That means that the profit is growing at a faster rate than sales increase. This can be seen in every result Kogan has reported in the last few years.
Its gross profit has increased in each of the last few half-year results. In HY18 the gross margin was 19.4%, in HY19 it increased to 19.5%, in HY20 that rose to 22.7% and in HY21 it improved significantly to 27.3%.
The latest result showed lots of margin improvement. FY21 half-year gross sales rose 97.4% to $638.2 million, gross profit went up 126.2% to $112.9 million, 'adjusted' earnings before interest, tax, depreciation and amortisation (EBITDA) rose 184.4% to $51.7 million and 'adjusted' net profit after tax (NPAT) grew 250.2% to $36.5 million.
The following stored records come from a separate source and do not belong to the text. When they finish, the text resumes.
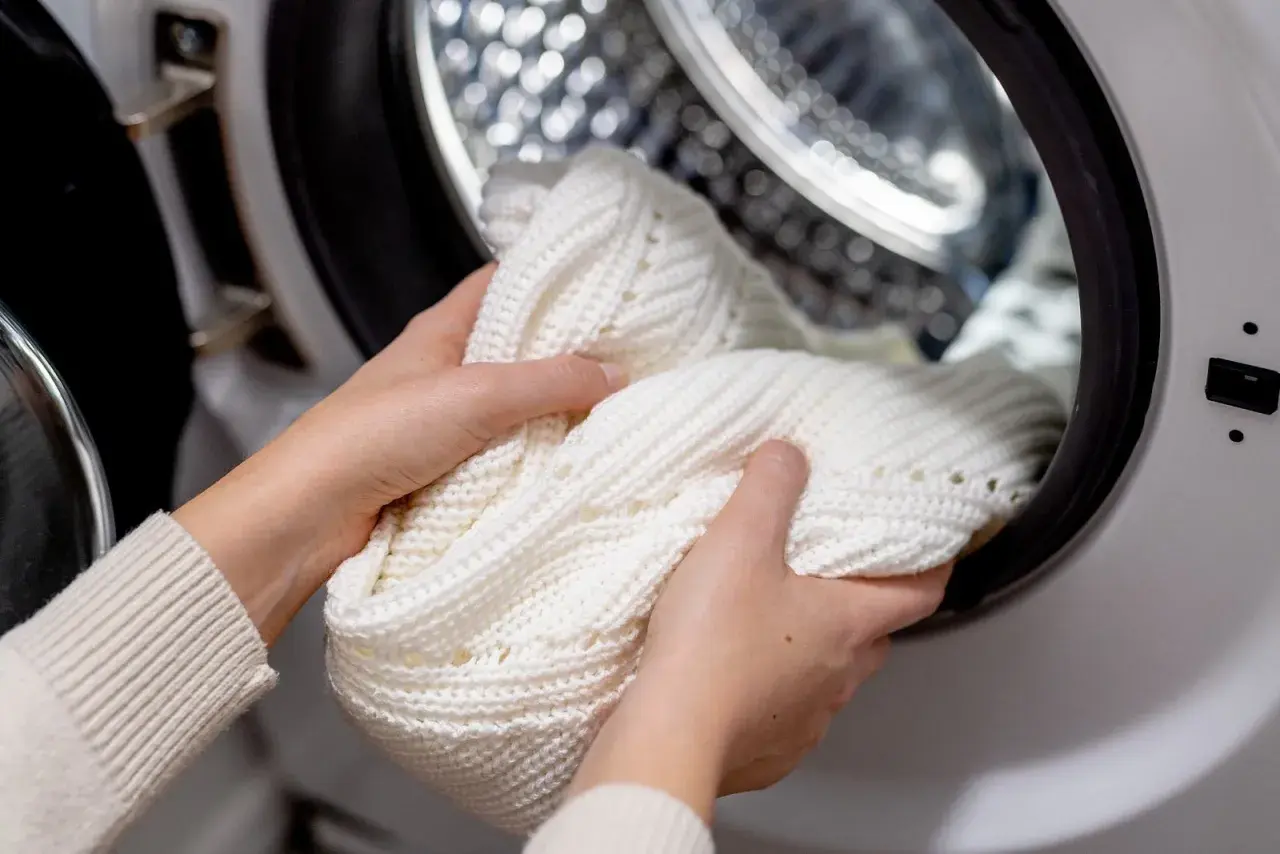 Hände legen einen weißen Strickpullover in die Waschmaschine, um eingelaufene Kleidung zu retten.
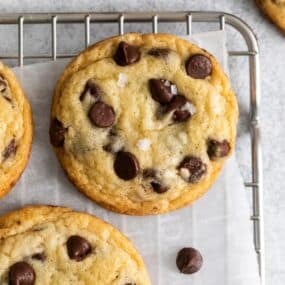 Close up of the chocolate chip cookie recipe without brown sugar on a wire rack.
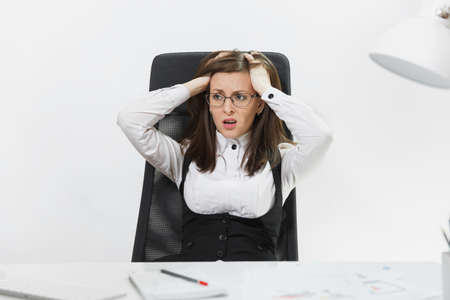 The beautiful tired perplexed and stress brown-hair business woman in suit and glasses sitting at the desk, working at contemporary computer with documents in light office on white backgroundの写真素材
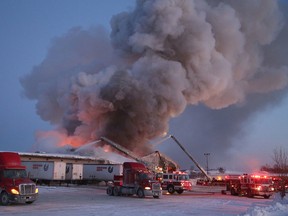 John Lappa/Sudbury Star
Billowing smoke was visible from miles away as firefighters battled a major blaze at Gardewine in the Walden Industrial Park on Saturday.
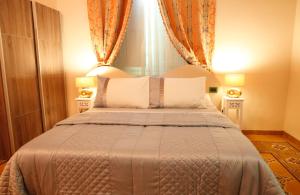 Postel nebo postele na pokoji v ubytování Lucca Relais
Kogan says that it continues to deliver significant projects to grow its products and services offering, while heavily investing in its brands.
Rewarding shareholders
Many ASX tech shares don't have a sizeable dividend yield. However, for the HY21 result, the board decided to pay a dividend of $0.16 per share – which is a payout ratio of 72.7%. That leaves plenty of profit left for re-investment for more growth.
Kogan has a FY21 expected grossed-up dividend yield of 4% at the current Kogan share price according to Commsec.